Monday, 3 February 2014

Argentine Pollo Provenzal: Roasted Chicken with Garlic, Parsley and Lemon (AIP, Paleo, Gluten-Free)

A simple, effortless recipe for juicy chicken flavoured with garlic, parsley and lemon, inspired by an Argentine recipe...



chicken provencale
Pollo Provencale, an recipe inspired by my trip to Argentina last year


It's coming up to a year since I landed in Buenos Aires and met my husband's family for the first time. Everyone was so warm and friendly and I was fed so well during our stay that I came back to the UK brimming with ideas for Argentine-inspired recipes and desperate to tell you all about what what we feasted on. 

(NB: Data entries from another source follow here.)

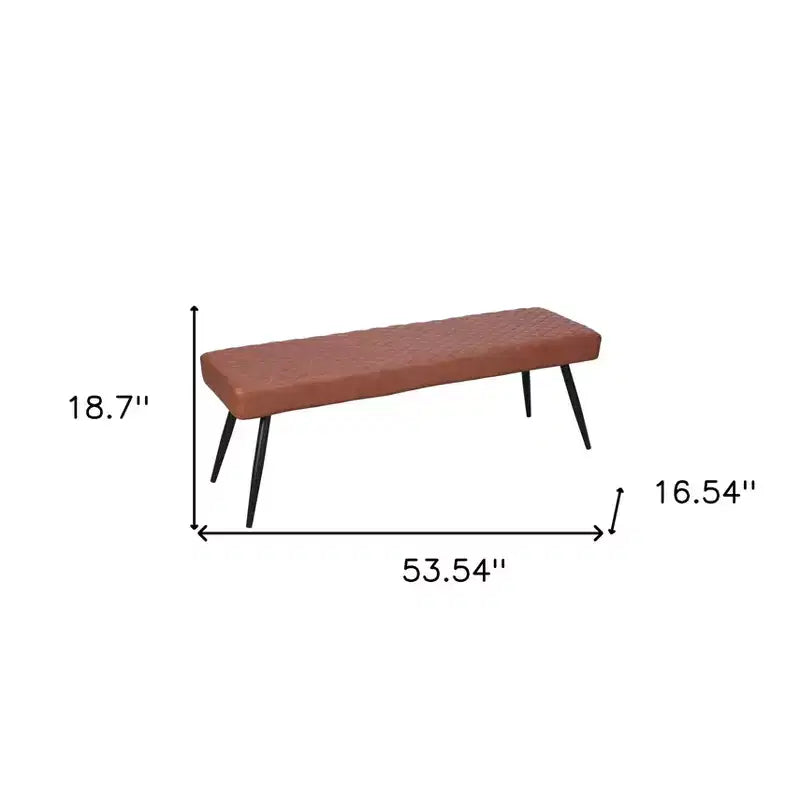 Banc de salle à manger capitonné en similicuir de 137 cm, pieds en métal marron et noir, 3 places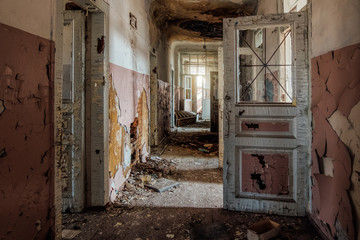 Sticker - Corridor of old abandoned hospital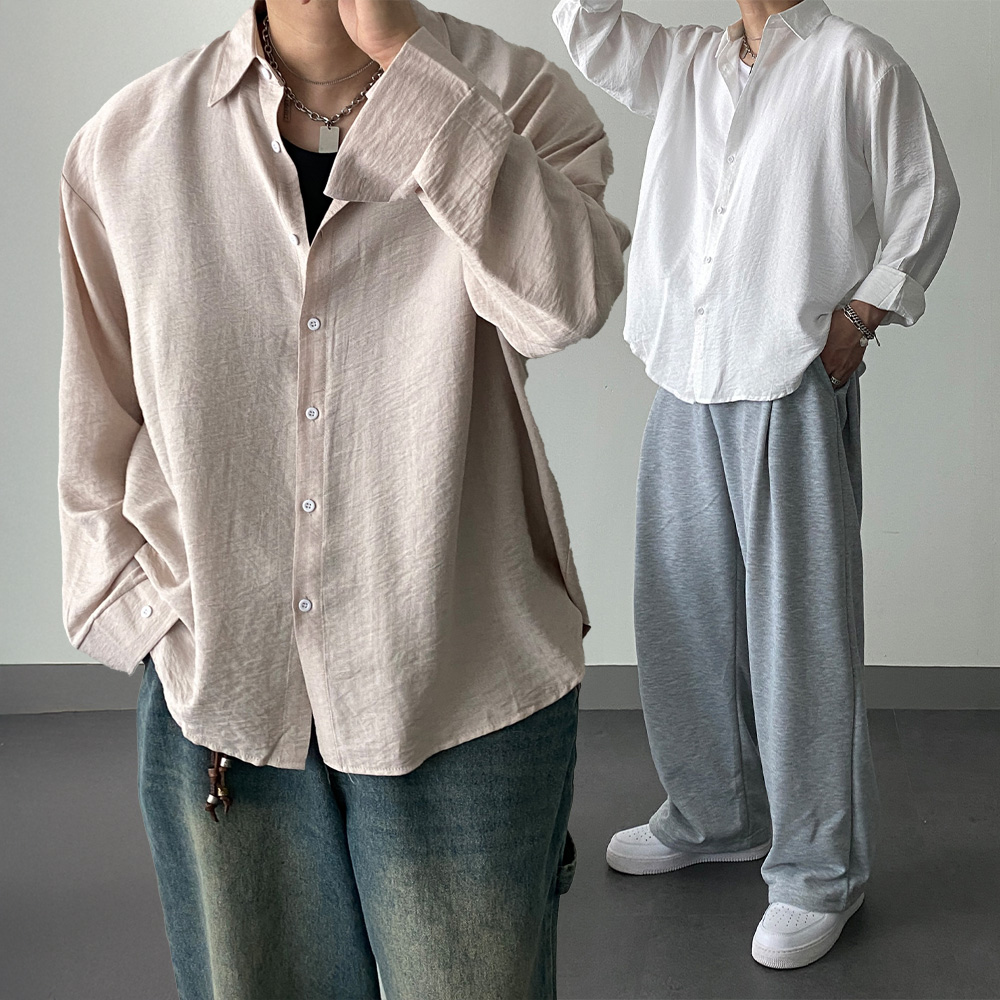 1+1 오버핏 남자흰색셔츠 나일론 긴팔 캐주얼 퓨어 미니멀 - 상품 이미지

And on the day before we were due to fly back home, my sister-in-law made us this for lunch. It's chicken, roasted until the skin is crisp, and then flavoured with garlic, parsley and lemon. They call it 'Pollo Provenzal'. 

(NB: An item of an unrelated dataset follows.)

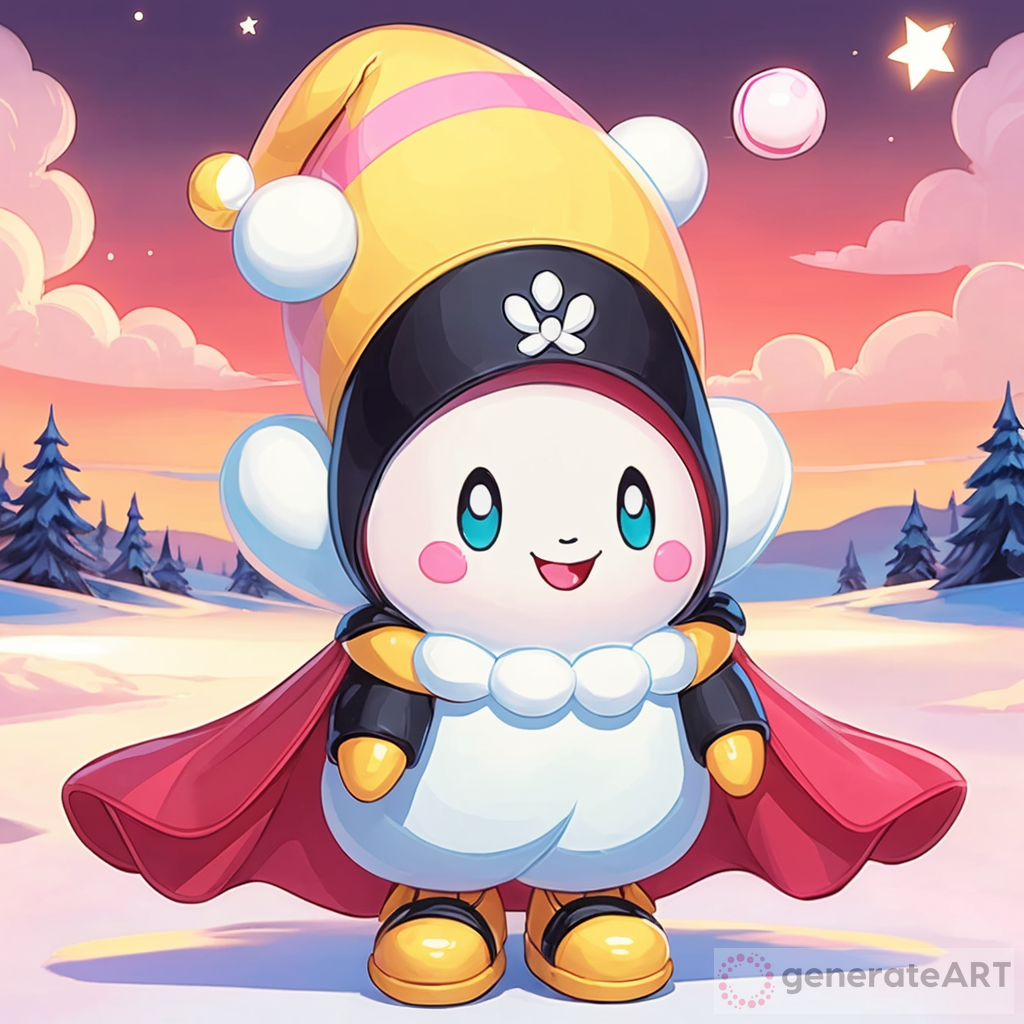 Dark, eerie image of a red sky, and a big, sentient, white, marshmallow with black, dot, eyes, a smile, and a pink hat with a yellow stripe across it, along with blue gloves with yellow rings around the wrists, and black arms and legs, and pink shoes. The living marshmallow should also be floating in the air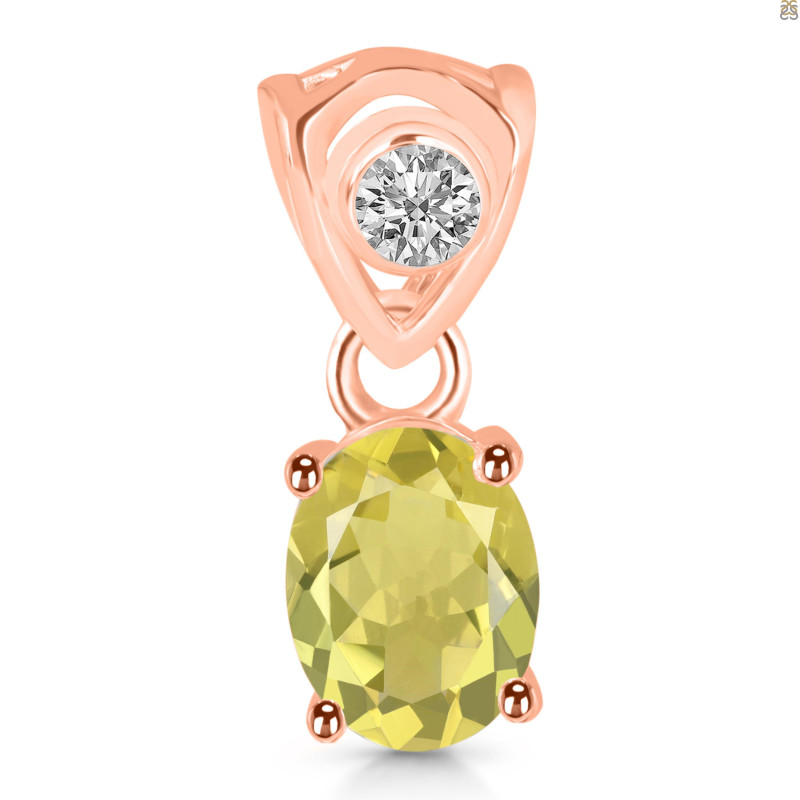 Lemon Quartz Pendant LEM-RDP-551-V-LOOP.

It's essential that you buy skin-on chicken portions for this, as it will protect the delicate meat while it's in the oven. I've made it many times since then - it goes brilliantly with some mashed potatoes or a frilly green salad, in which case the leaves will help mop up the speckled, aromatic juices from the chicken. 

Pollo Provencale
Serves 4
Ingredients
6-8 chicken portions (legs, thighs, breasts) with the skin and bones left in
1 tbsp olive oil or other preferred fat
salt
2 garlic cloves, chopped finely
1 tbsp parsley, chopped finely
the juice of a lemon

Method
Preheat the oven to 200ÂșC/gas mark 6. Arrange the chicken portions on a large, shallow oven tray, leaving some space between them so the skin can crisp nicely. Pat them dry with kitchen paper and then sprinkle with a little salt and olive oil. Roast in the oven for 20 minutes, or until cooked through. 

When the chicken comes out of the oven, all sizzling and golden, scatter over the garlic and parsley and give it a shake. Squeeze over the juice of the lemon (avoiding the skin if you want it to stay crisp) and return back to the oven for a final 5 minutes. Serve, with the juices in the tray, while still hot. 

Did you know I've written an ebook on recipes inspired by my trip to Argentina? Check it out on Amazon (affiliate link)...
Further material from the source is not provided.